Ayrıca güneş veya ay kutrunun on ikide birine parmak adı verilir ki ay ve güneş tutulmalarının genişliğini belirlemek için kullanılır. Arapça klasik denizcilik metinlerinde de ısba‘ terimi okyanuslarda enlem derecelerini belirlemek üzere özellikle kutup yıldızı, Büyükayı ve Küçükayı gibi yıldızların belli zamanlarda ufuk çizgisinden irtifâını ölçmekte kullanılan birimlerden olup “zâm” adı verilen sekiz alt bölüme ayrılır.
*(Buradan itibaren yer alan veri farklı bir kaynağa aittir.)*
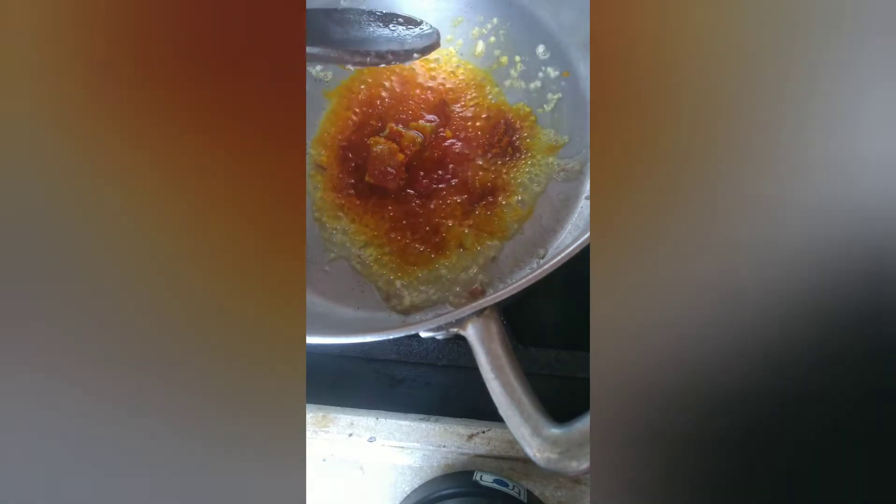Gente, estava muito frio e aí nós fizemos este caldo de frango com delícia. Eu coloquei o peito de frango cortadinho bem pequenininho e dei uma refogada nesse caldo. Nós fizemos uma surpresa para a minha irmã que fez aniversário, e nós estávamos esperando ela chegar. Como estava muito frio, todo mundo queria um caldo.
Meselâ kuzey yönünde bir zâm (yani üç saat) seyreden bir gemi kutup yıldızının irtifâını 1/8 ısba‘ yükseltecektir.


XVI. yüzyıl civarında yazılan bahriye metinlerinde 360° pratiklik açısından 224 ısba‘ sayılmıştır ki 1 ısba‘ yaklaşık 1° 36' demektir (EI2 [İng.], IV, 96-97).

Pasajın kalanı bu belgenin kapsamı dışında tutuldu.